Despite the murder shocking the nation, on social media, Sharon’s death sparked victim-blaming and debate that shifted focus to transactional romantic relations between older men and younger women.

The nation has since witnessed an endless string of crimes of passion.

When Ivy Wangechi was hacked to death by her childhood friend Naftali Kinuthia, a popular local radio station ran a segment mocking her death.

Wangechi was killed while walking to her hostels from school a few days before her 25th birthday and a few months to her December graduation.
In June during Madaraka Day celebrations, Nairobi woman representative Esther Passaris walked out of the podium as Nairobi Governor Mike Sonko made a speech at Pumwani in protest at his remarks.

Responding to her concerns on why he does not respond to her calls, the governor said he was not her husband to answer her calls all the time. He claimed she wanted to create enmity between him and the women of Nairobi.

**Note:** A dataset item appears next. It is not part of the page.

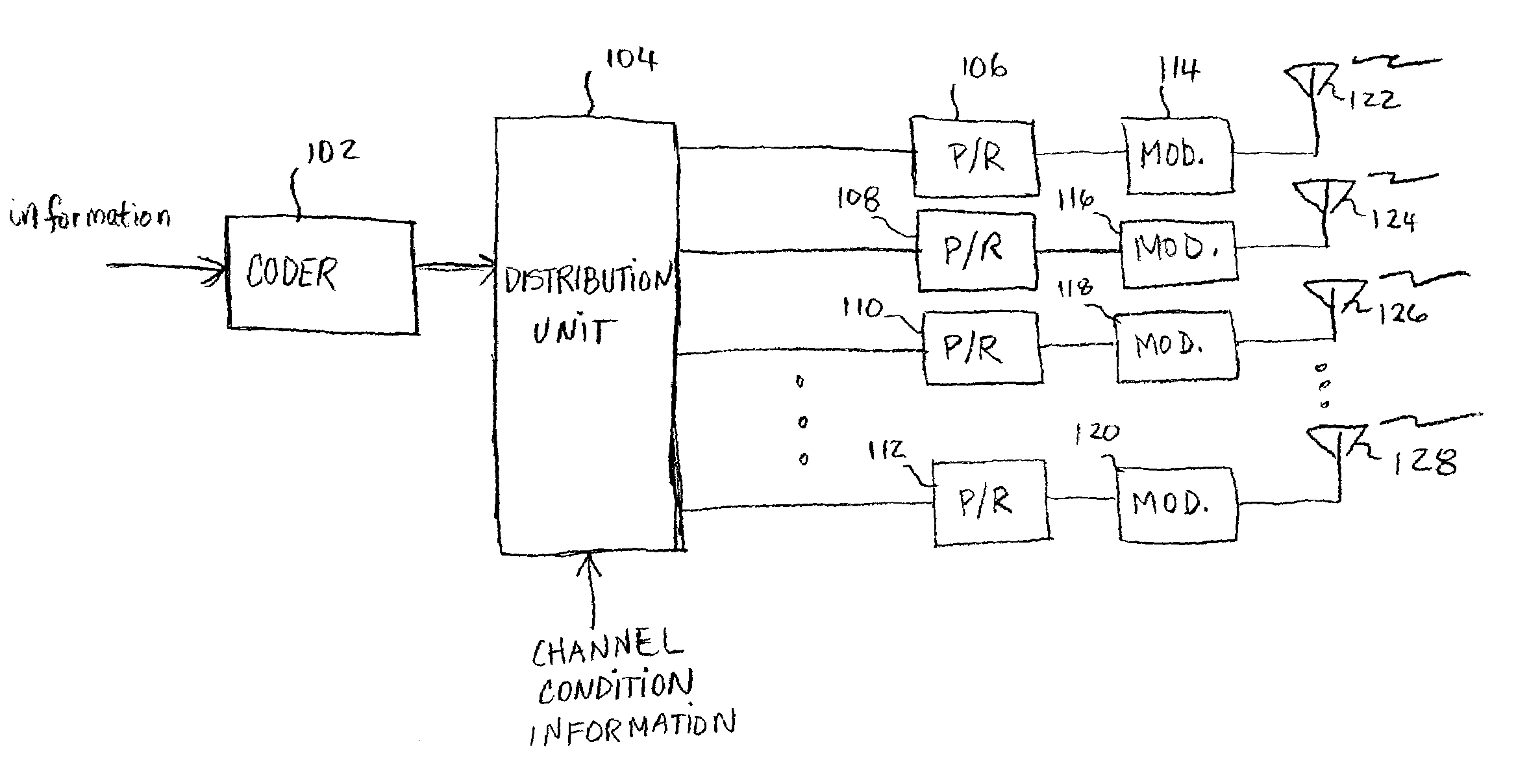 Method and system for using hybrid ARQ in communication systems that use multiple input multiple output antenna systems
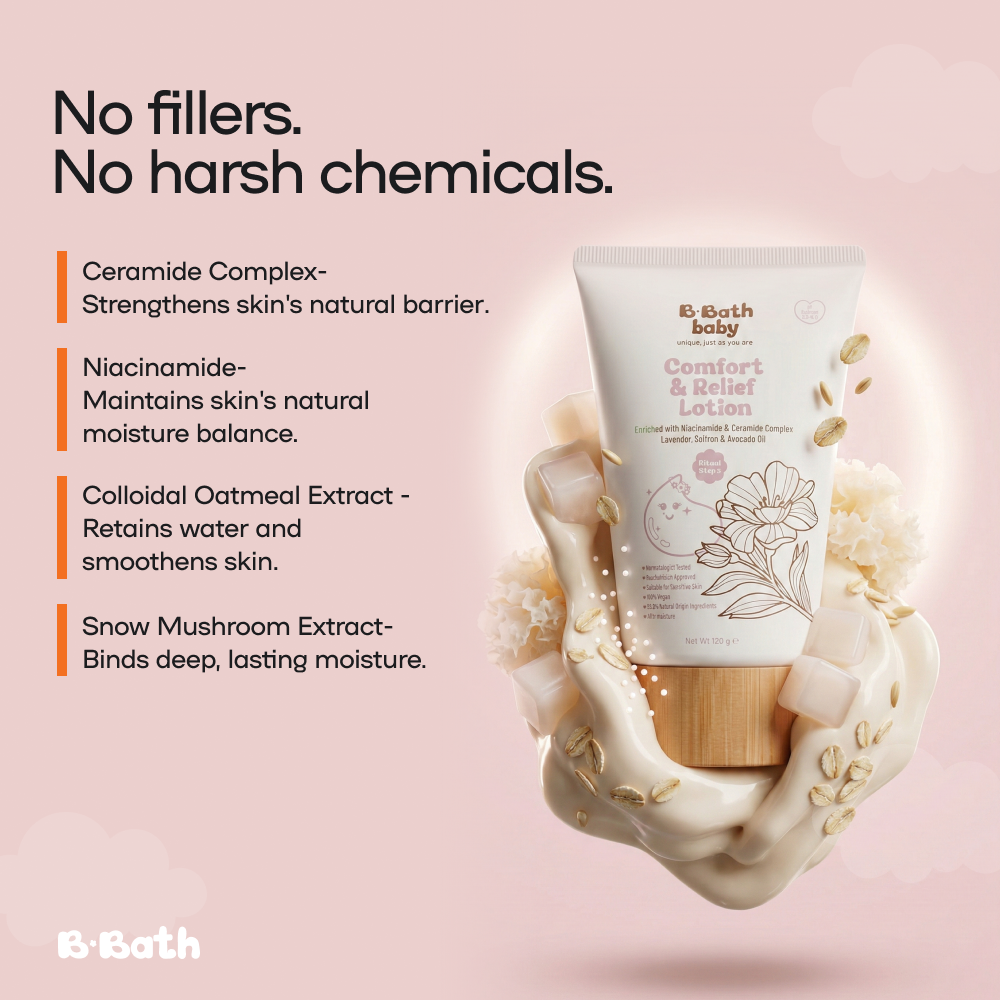 Comfort & Relief Lotion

Later during an interview with Citizen TV, Sonko alleged Esther had been demanding money from him since she was elected in 2017.

He went on to add she had invited him to her hotel room. The interview was cut short after the governor declined to stop speaking ill of her.


Sonko was also engaged in a bitter social media spat with Suba North MP Millie Odhiambo, in which he attacked her over her childless condition.

The exchange was sparked by the governor’s remarks over the matrimonial life of the late Kibra MP Ken Okoth.

Sonko criticised the MP for saying he was wrong to have meddled in the late Okoth’s personal life, accusing her of having a ‘weird’ marital life and no moral authority to lecture him on matters of marriage.

He also accused her of hypocrisy for her actions supporting absentee fathers.

After Odhiambo accused Sonko of using Okoth’s memorial service to earn cheap publicity, he said she could not understand the pain of single mothers because she was childless.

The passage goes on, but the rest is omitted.